À Monsieur, Monsieur Thomassin, sieur de Mazaugue, conseiller en la chambre des comptes d’Aix


À Paris, ce 12 septembre[1]
Monsieur mon Cousin,

La grace de nostre Seigneur à jamais. C’est par là que nous commençons toutes nos lettres, et dans cette rencontre, il est difficile de commencer autrement. Car dans une si extreme affliction, et dans une si estrange perte, quelle consolation hors de la grace de Dieu, qui nous a faict jouyr si long temps d’un si grand bien, et qui ne nous en a privez, que pour nous apprendre à ne rien aimer dans le monde que par rapport au ciel et dans les veües de l’éternité ! Il est de vostre bonté, Monsieur mon cousin, de continuer aux enfans du defunct[2] la mesme charité et la mesme amitié, que nous avions pour luy, et à apprendre par vostre exemple à messieurs vos enfans à regarder tous leurs cousins et tous ceux de la famille, comme leurs freres.
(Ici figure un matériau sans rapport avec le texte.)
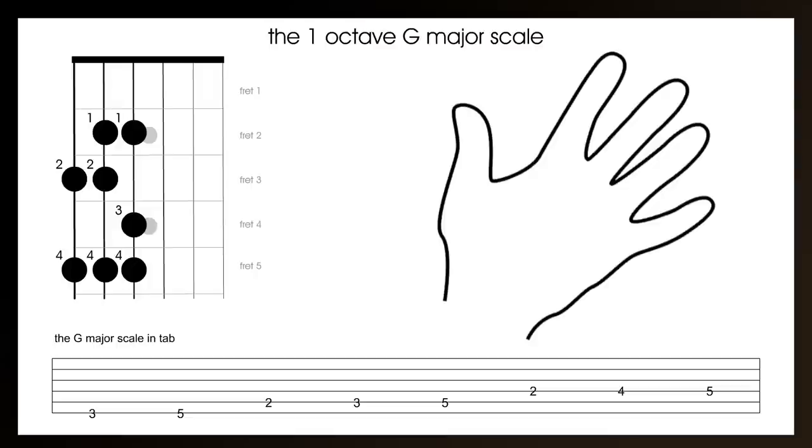Okay, here we go. Play the third fret of the bottom E string with the second finger. Play the fifth fret of the bottom E string with the fourth finger. Play the second fret of the A string with the first finger. Then play the third fret of the A string with the second finger. Play the fifth fret of the A string with the fourth finger. Now play the second fret of the D string with the first finger. Now play the fourth fret of the D string with the third finger. And finally, play the fifth fret of the D string with the fourth finger.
C’est ceste amitié chrestienne qui faict la meilleure partie du bonheur de la vie presente, et qui nous fait le plus meriter la felicité de l’autre vie. Messieurs vos enfans ne m’ont aucune obligation de l’amitié et de l’estime que j’ay pour eux. C’est un pur effect de la justice que je leur dois, et de mon inclination pour des personnes aussi aymables et aussi accomplies qu’ils sont. Le cousin Henry porte sur le visage une partie de la douceur et de la beauté de son esprit[3]. Monsieur de Nazaugues a toutes les inclina-

  1. Le millésime manque, comme à toutes les autres lettres, moins une, du P. Thomassin Je place celle-ci en tête du petit recueil, d’abord parce qu’elle est adressée au père du futur conseiller au parlement de Provence ; ensuite parce que, comme nous l’apprend la date du décès dont il y est question (voir la note suivante), elle est de 1670, par conséquent antérieure aux lettres II et III.
  2. Ce défunt, qui est appelé plus loin le président de Lagarde était François de Thomassin, seigneur de Lagarde, conseiller, puis président aux enquêtes du parlement de Provence. Il fut enseveli en l’église de l’Oratoire d’Aix, le 26 août 1670. Il était fils de Joseph de Thomassin, dont le frère, Alexandre, était père d’Alphonse, seigneur de Mazaugues Par conséquent, le président de Lagarde était le cousin germain de celui à qui la présente lettre est adressée.
  3. Le cousin Henri était un frère de Louis de Thomassin, seigneur de Mazaugues. Les généalogistes ne le connaissent pas et ils ne mentionnent, parmi les enfants du conseiller à la cour des comptes, que : 1o Louis ; 2o Jean-Baptiste, officier aux gardes françaises, qui fut consul d’Aix en 1701 ; 3o Louise (alias Françoise), qui épousa Louis Esmur de Moissac ; 4o Honorée, qui épousa Antoine Maurel de Volonne.